Analysts say Beijing is also bracing for the law by considering possible retaliation, from imposing curbs on US businesses in China to the so-called nuclear option of dumping its holdings of US Treasuries.

But Beijing is not going to jump the gun. It is first taking what it sees as pre-emptive steps to keep US anger from boiling over -- and to keep the legislation from becoming law.

"If China doesn't let the yuan appreciate a little bit, foreign criticism will be stronger. China wants to avoid a trade war with the US," said Guo Tianyong, an economist at the Central University of Finance Economics in Beijing.

To that end, Beijing has allowed the yuan to gain 2.6 percent since it scrapped a 23-month dollar-peg on June 19, quickening the appreciation in recent weeks as pressure mounted.

On their own terms

Ever sensitive to appearing weak domestically, Chinese leaders have insisted that the yuan's rise is not a response to US pressure but part of a broader reform agenda to spur domestic consumption.

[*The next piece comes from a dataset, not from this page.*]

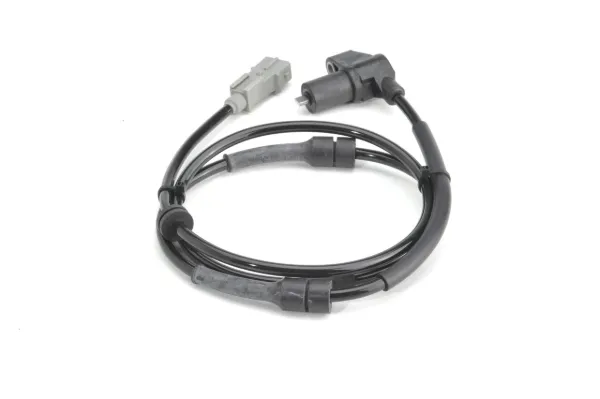 Датчик АБС передній 0265006200 Bosch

They have also said that currency reforms will be done on China's own gradual terms.

Central bank chief Zhou Xiaochuan told International Monetary Fund meetings in Washington that demands on China to let the yuan rise rapidly are akin to seeking a magic cure to a problem that requires a slow-working, herbal remedy.

Foreign ministry spokesman Ma Zhaoxu tried to inject some levity into the dispute on Thursday: "If appreciation of a currency could solve all of the world's economic problems, then what use would economists be?"

But it will be no laughing matter if the US follows up the currency manipulator report with real punitive measures.

Although retaliation by China would likely hurt its own interests, rising nationalistic sentiment on the currency issue might force the government to take a tough stance, analysts say.

"China wants to use diplomacy before a confrontation. It will have no choice but to engage in a trade war if all courteous means fail," Guo, of the Central University of Finance Economics, said.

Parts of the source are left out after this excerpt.